Git

Git is the distributed version control system that was developed for the Linux kernel (started by Linux Torvalds in 2005). Today, it is widely used in the open source development community.

At work, I got in contact with Subversion and I really enjoy using it for all text-based projects (programming, LaTeX, you name it). However, the Linux kernel is managed with git and in recent time, many projects switched to Git. So I thought it was time to learn its basics. And while learning, I maintain my cheat sheet here. It is not intended to be a stand-alone tutorial, there are many good ones available (e.g. the Book on the Git homepage, that was also translated in a number of languages). So this is merely a short reference. Further, my own view is from an experienced Suversion user, so I base my notes on previous knowledge about source code revision systems.

While Subversion is a server-based version control system (the central repository is a server and all interaction is done with this server), Git is a distributed version control system. That means that every user has a local repository (therefore "distributed") that stores all revisions. These local repos can be synchronized by pushing the changes to a server or by pulling changes from someone into the local repo.

A git server can be any system accessible via network either with SSH or HTTP(s).

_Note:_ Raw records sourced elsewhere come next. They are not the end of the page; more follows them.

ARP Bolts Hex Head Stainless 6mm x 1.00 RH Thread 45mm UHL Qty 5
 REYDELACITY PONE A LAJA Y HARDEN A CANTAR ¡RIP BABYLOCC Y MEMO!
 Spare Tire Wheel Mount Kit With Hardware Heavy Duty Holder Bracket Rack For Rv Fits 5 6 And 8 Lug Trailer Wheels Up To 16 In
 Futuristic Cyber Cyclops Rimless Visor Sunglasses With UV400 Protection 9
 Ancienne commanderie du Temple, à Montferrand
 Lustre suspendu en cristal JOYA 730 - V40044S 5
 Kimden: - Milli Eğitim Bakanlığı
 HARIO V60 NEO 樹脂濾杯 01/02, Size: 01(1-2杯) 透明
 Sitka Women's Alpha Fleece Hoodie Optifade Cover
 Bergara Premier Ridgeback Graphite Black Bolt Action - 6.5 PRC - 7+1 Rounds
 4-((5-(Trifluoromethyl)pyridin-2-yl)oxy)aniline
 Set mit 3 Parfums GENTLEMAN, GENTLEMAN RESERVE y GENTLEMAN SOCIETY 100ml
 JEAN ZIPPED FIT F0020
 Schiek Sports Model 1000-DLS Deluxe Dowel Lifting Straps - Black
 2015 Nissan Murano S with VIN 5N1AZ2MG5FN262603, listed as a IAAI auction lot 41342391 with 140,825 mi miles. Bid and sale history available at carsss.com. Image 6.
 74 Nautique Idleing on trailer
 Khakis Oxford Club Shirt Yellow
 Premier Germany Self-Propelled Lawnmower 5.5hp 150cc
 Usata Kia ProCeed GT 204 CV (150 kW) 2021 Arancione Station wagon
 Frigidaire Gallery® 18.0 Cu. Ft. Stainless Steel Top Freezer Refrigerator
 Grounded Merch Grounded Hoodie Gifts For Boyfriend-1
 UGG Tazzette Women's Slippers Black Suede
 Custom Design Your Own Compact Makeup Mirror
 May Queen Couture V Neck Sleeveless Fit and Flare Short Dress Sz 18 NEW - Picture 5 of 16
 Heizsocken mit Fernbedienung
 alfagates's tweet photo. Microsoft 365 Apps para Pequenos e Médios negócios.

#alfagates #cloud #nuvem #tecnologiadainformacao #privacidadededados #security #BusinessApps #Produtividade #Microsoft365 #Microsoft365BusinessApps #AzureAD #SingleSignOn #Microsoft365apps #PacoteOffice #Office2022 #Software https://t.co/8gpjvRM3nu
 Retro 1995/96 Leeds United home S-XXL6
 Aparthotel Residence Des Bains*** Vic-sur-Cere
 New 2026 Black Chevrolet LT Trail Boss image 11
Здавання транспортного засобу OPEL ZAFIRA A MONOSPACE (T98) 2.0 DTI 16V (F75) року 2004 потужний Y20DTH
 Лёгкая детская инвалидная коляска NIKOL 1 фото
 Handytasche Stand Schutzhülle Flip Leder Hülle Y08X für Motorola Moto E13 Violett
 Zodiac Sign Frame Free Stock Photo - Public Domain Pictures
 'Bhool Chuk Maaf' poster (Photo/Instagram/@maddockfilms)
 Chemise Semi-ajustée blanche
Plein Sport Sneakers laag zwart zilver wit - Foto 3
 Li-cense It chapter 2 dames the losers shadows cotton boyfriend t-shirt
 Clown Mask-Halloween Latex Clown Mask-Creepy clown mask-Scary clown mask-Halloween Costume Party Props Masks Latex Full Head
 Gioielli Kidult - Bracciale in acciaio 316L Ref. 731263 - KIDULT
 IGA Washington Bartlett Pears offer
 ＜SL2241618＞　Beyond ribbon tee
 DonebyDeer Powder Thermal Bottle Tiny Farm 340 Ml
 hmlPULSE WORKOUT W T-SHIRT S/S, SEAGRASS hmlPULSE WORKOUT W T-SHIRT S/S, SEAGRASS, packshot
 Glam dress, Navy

Github provides free Git hosting. For the following tests, I use my test repository.

Configuration

Every tutorial starts with the following lines to configure your name and E-Mail:

$ git config --global user.name "Your Name Comes Here"
$ git config --global user.email you@yourdomain.example.com

So it appears to be really advisable to do this. The background is that Git stores the name and an E-Mail address with every commit. Unlike Subversion, where every user needs an account on the server, Git cryptographically hashes all commits and everybody (or every alias) can create commits. The --global parameter adds the settings to the config file in your home directory. If you want to contribute to a project with a different identity (e.g. your company E-Mail instead of your private one), the settings can also be done only for the current project by omitting this option. The global config file is ~/.gitconfig and the project-one is .git/config.

Please refer to the documentation (man git-config and git --help) for further information. The command git config -l lists the current settings (if multiple entries exist, the last one overwrites previous ones).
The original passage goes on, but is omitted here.